A little about me, and how I came to be a part of the Arkansas Fellowship: I am cursed with the tendency to overcomplicate everything. I decided that my post-graduation job hunt would be a departure from that norm. So, I applied for one job, received one job offer, and accepted it immediately. I packed up the 2003 Toyota Camry, and settled down in Fayetteville, Arkansas.
The job just so happened to be the “Marketing Projects Lead” at a cloud-based eFile tax services company that was in the process of rebranding from TechAtlantis to Zenwork, and had just added another eFiling tax platform to its already robust collection.
Zenwork’s Headquarters on the Fayetteville Square.
Zenwork, a household name among small business owners, accountants, and accounts payable departments, offers a host of tax compliance solutions. Anyone who is responsible for anything from 1099 forms for tracking vendor payments to 2290 forms for paying heavy vehicle utility taxes comes to us for help with their eFiling process. Our most popular “Software as a Service” is Tax1099, with over 100,000 registered users who flood our site from mid-December to mid-March.
When I graduated in December with a degree in Marketing from Harding University, we had primarily talked about business-to-consumer marketing, and if any talk of taxes had slipped in to my Consumer Behavior or Personal Branding classes, I had definitely dozed through it.
I started work in January, at the height of compliance chaos.
The “what have I done” moment was pretty much inescapable.
As you’re reading this, stop for a second to think about your “what have I done” moments, and ask yourself: How did you respond, what happened next, or what did you make happen next?
Well, I’ll tell you what I did, and you can let me know what you think.
Geneva works through a company problem at Zenwork Headquarters.

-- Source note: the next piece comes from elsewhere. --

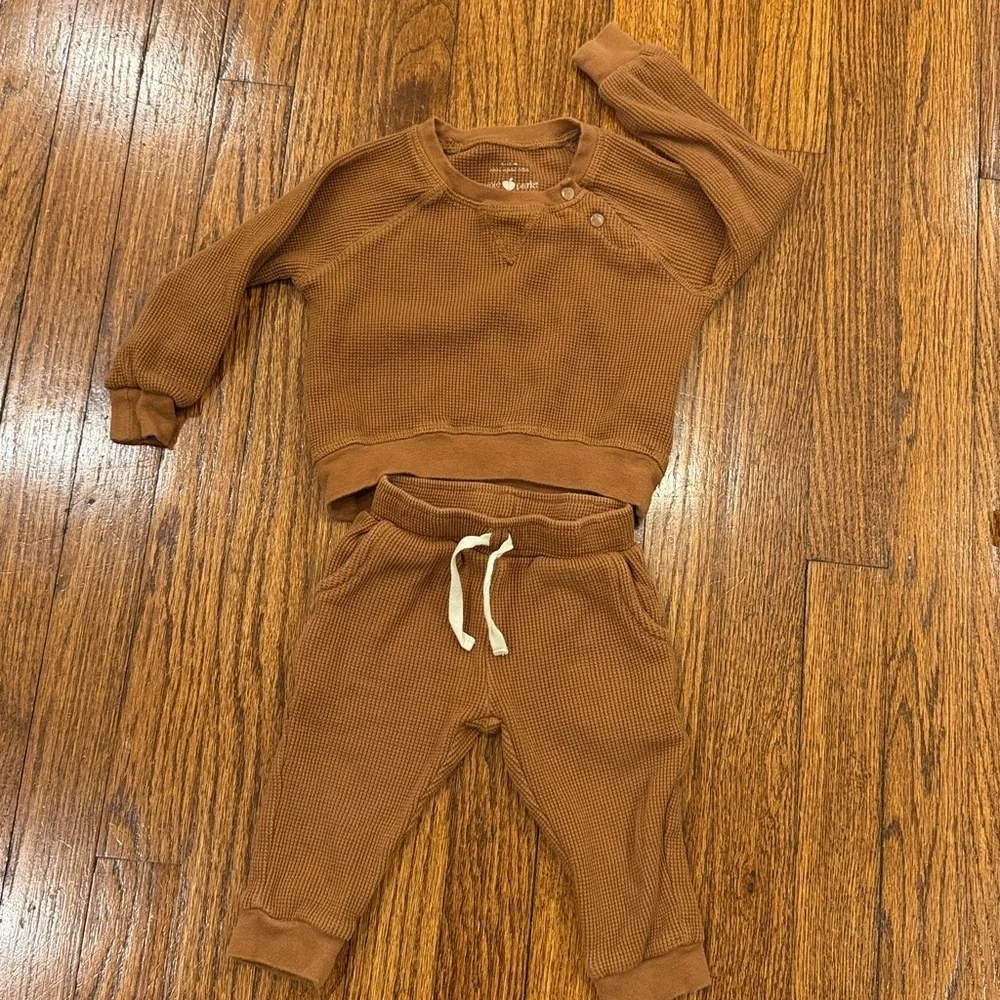 Rylee & Cru/Jamie Kay/Fin & Vince/Zara/Kenzo/Apple Park And More Baby Bundle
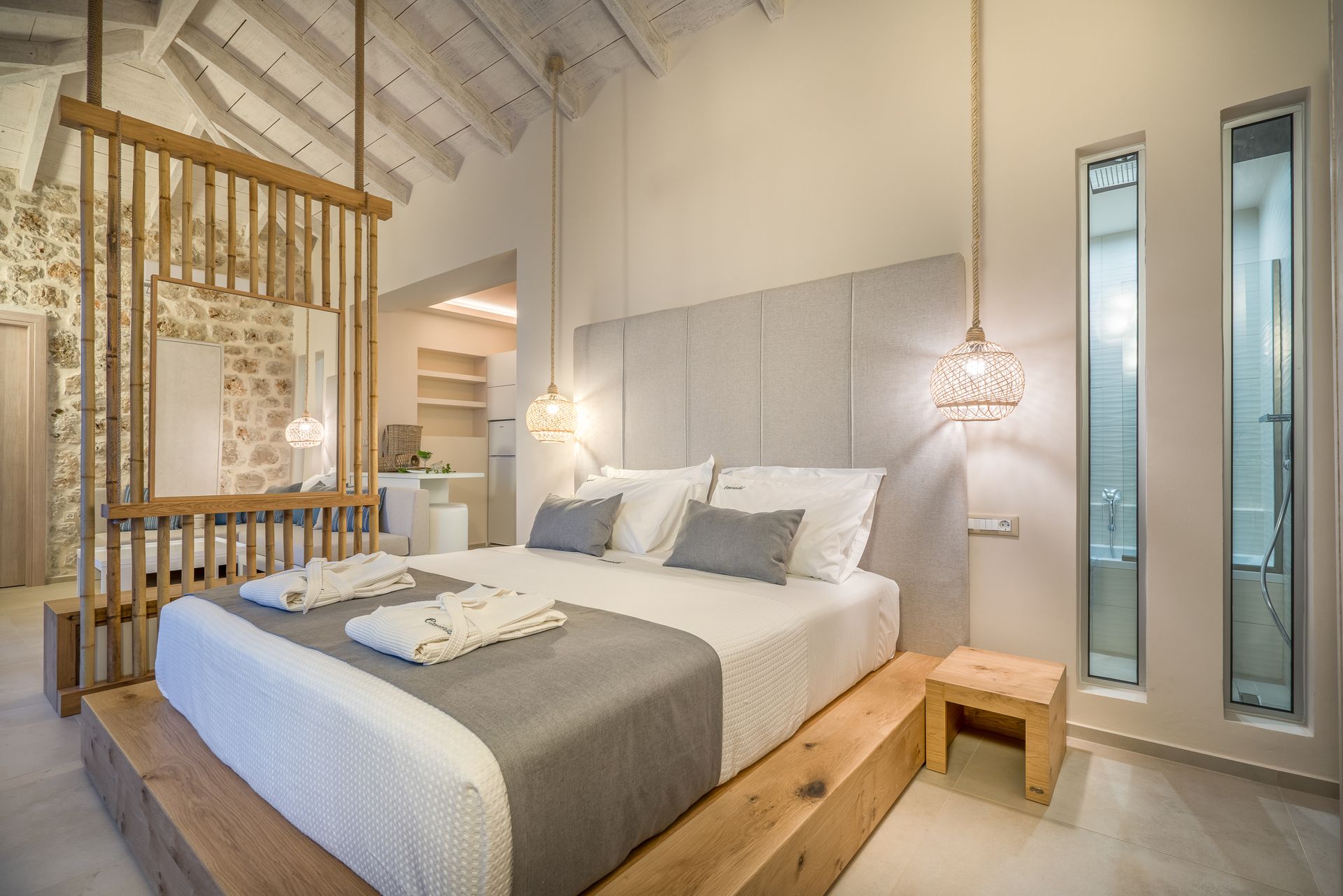 Honeymoon Suite 2 persons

Setting yourself up for success sometimes means showing your hand. So, you don’t know what an ERP is. Get yourself in the habit of asking questions as soon as you can, in as much detail as you can. This lets your coworkers know where you’re at, what you’re thinking about, what you’re leaning into. Maybe most importantly, this helps coworkers point you in the right direction, and help you become better targeted. There was a lot I needed to know about ERP, but with whatever knowledge you’re seeking, keep asking questions to find out what you need.
Once I’ve caught the scent, I chase it down. This can be a bit of a wild goose chase at first. Give yourself the liberty to cast a wide net. Don’t forget that some of your value as a new hire is your new perspective. Don’t be timid about hunting down new leads or new ways to apply your research to company goals. Your company invested in you and your perspective, and the fresh and researched view you can offer is a part of their return.
Frack for Facts
While initial research is a tire-kick here, a tire-kick there, at some point you need to zero in and really inspect the information you’ve found. It’s easy for me to go through the time and effort of researching, then shrug my shoulders and say, “I’ve got the gist.” Make the final push from pecking around to unearthing the value-add. What specifics enhance your contributions to the team? How does the information you’ve researched changed your approach to the problem?
This process might have a lot of overlap with your own; it might be completely opposite from your approach. At the end of the day, the important part is that you do approach. Don’t let your “what have I done” moment be a wall, a pit or an excuse to keep you from growth.
Turn your “what have I done” into “what can I do.”